Some people are never satisfied.

The evidence is mounting that the UK economy is now on the path to recovery. But to those who denied the possibility of any economic revival at all under the policies of “austerity”, this is simply not good enough. It is the wrong kind of recovery, they say. Fuelled by debt-based personal spending, unsustainable house prices, another crash, the doom-mongering litany more or less writes itself.

The data-based evidence of the recoveries in the US and UK economies tells an interesting story, but not one that the pessimists like to hear. There is no doubt that overall growth has been weaker than usual after a recession. Comparing 2012 with 2009, the year when both economies hit rock bottom, real GDP grew by 7.3 per cent in the US and by only 3 per cent in the UK.

Still, growth has actually happened. But has it been fuelled by personal consumption, by individuals running down savings or taking on more debt in an unsustainable way? The answer is unequivocally “no”. Personal spending is by far the biggest single component of GDP, accounting for over 60 per cent of the total. But in both cases, over the 2009 to 2012 period, it grew by less than GDP. By less, not more. Personal consumption rose by 6.9 per cent in the US and by 1.6 per cent in the UK.

In both the main Anglo-Saxon economies, a marginal contribution to growth was made by an improvement in the net trade position. In each case, exports in real terms grew slightly faster than imports, though the impact on GDP was small.

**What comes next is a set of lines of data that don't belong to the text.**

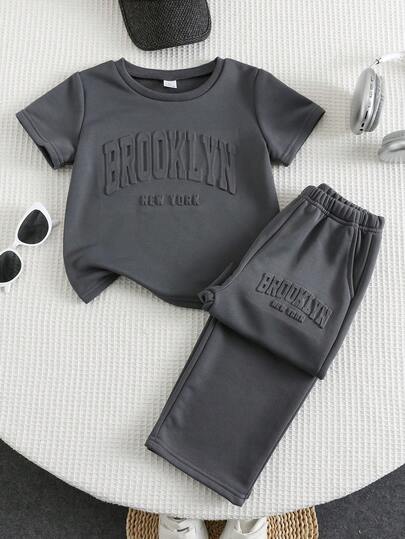 SHEIN Bộ 2 món cho bé trai gồm áo thun cổ tròn tay ngắn in chữ có túi hộp và quần dài màu xám, trang phục thể thao thường ngày phù hợp cho mùa xuân, hè, thu, đa năng cho kỳ nghỉ, đi học, dự tiệc.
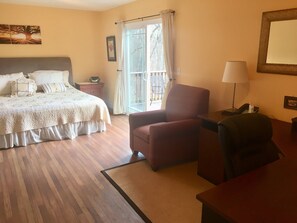 4 slaapkamers, een bureau, een strijkplank/strijkijzer, gratis wifi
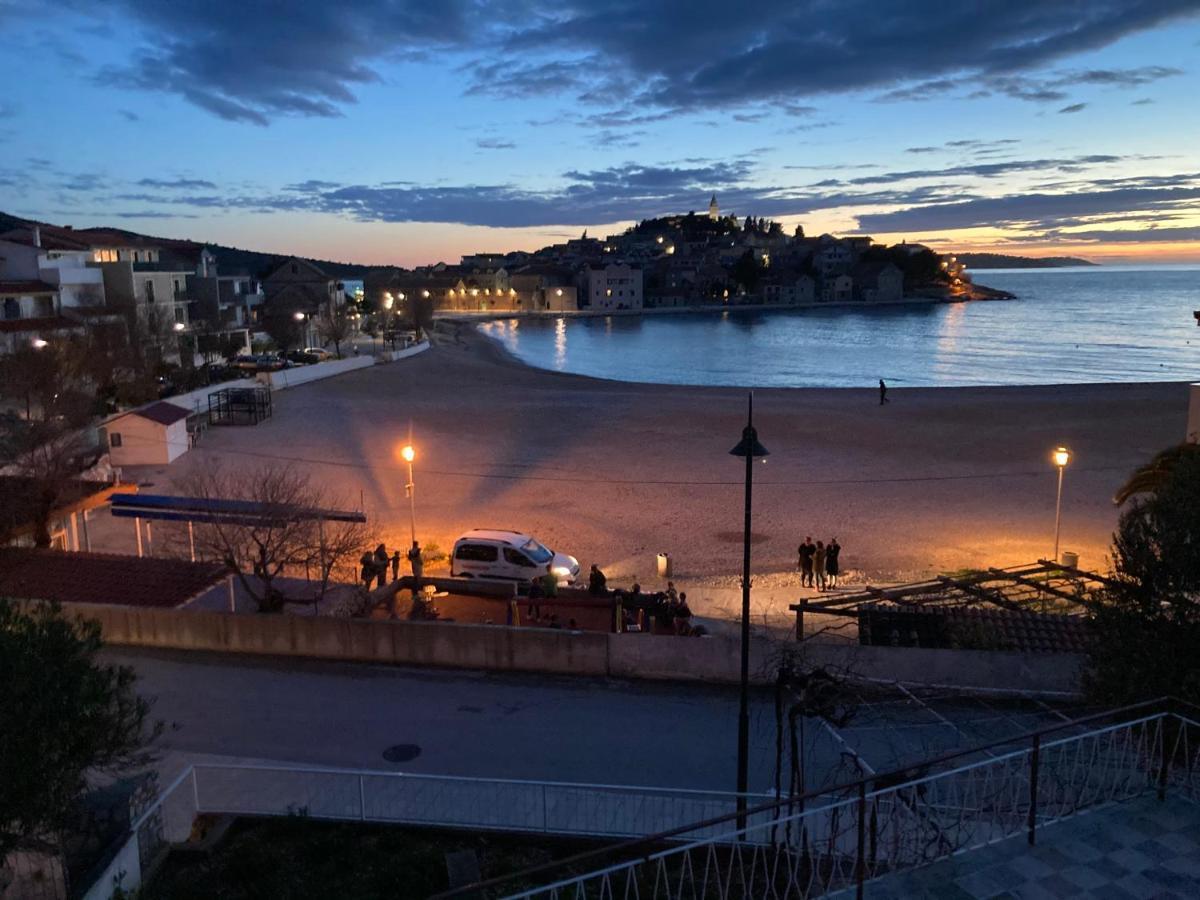 Rooms 22 - Beachfront Primošten Екстериор снимка
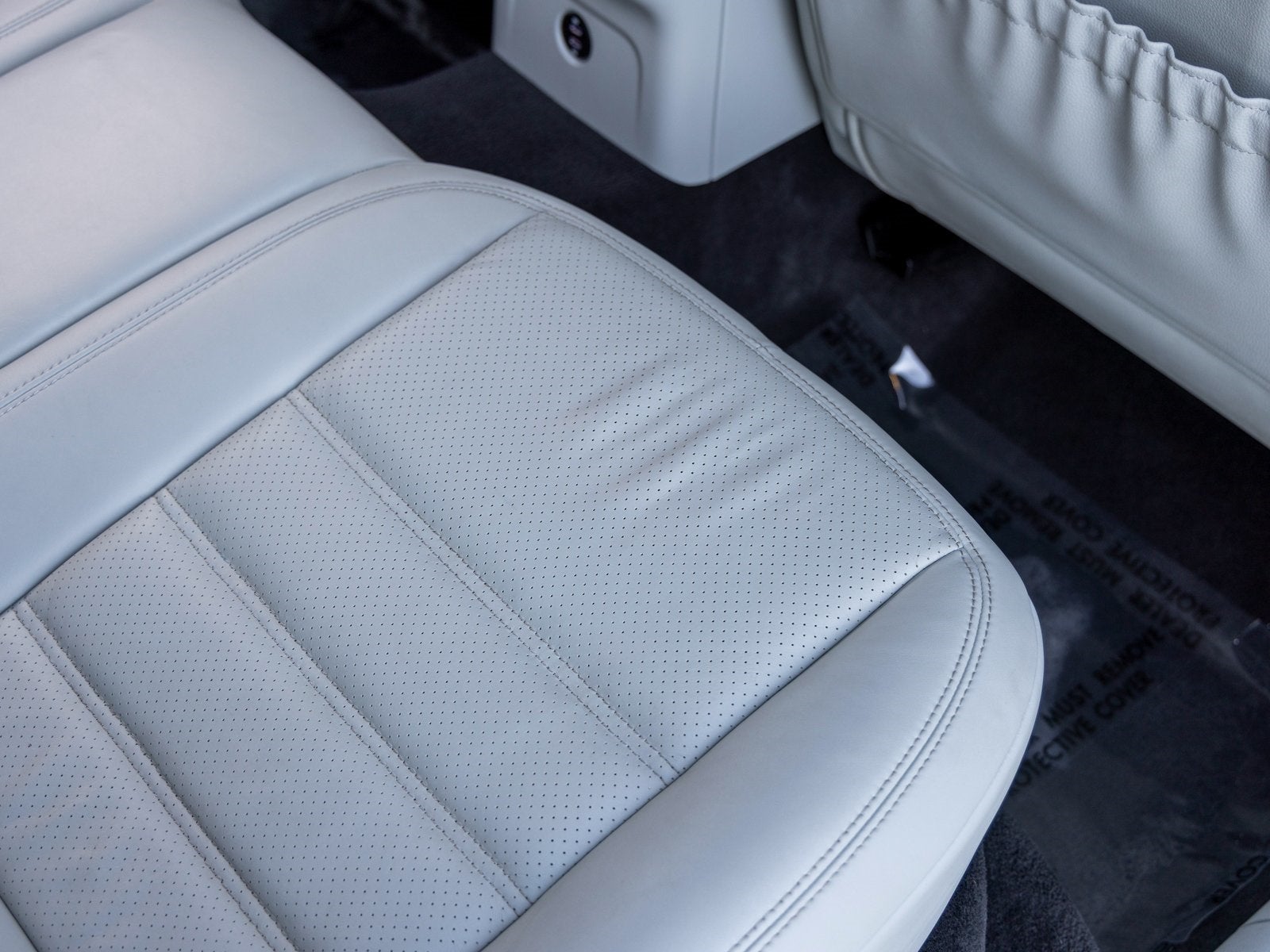 2024 Porsche Macan Macan T (MY24)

But the two other components of GDP – investment by companies and current expenditure by the public sector – offer a marked contrast between the US and the UK. Despite the widespread belief that austerity policies are being rigorously pursued in the UK, current public spending grew by 3.3 per cent in real terms between 2009 and 2012. In the US, meanwhile, it fell by 4.1 per cent.

And contrary to much received wisdom, investment by companies in the UK did grow over this period – by just over 10 per cent. But in the US, the comparable figure was a rise of almost 30 per cent. Capital spending by companies makes up only around 15 per cent of total GDP, but this huge difference between the two countries accounts for most of the difference in the recovery patterns in the US and the UK. GDP grew by just over 4 per cent more in the US, and three quarters of this is accounted for by buoyant corporate investment. The growth rate of personal consumption relative to GDP was lower, not higher, in the UK than in the US, and this basically accounts for the rest.

In neither Britain nor America is the recovery based on flimsy, ephemeral debt-based consumer spending. It is grounded in capital investment by firms. And the US has made way for this by not just talking about cutting public spending, but by actually doing it.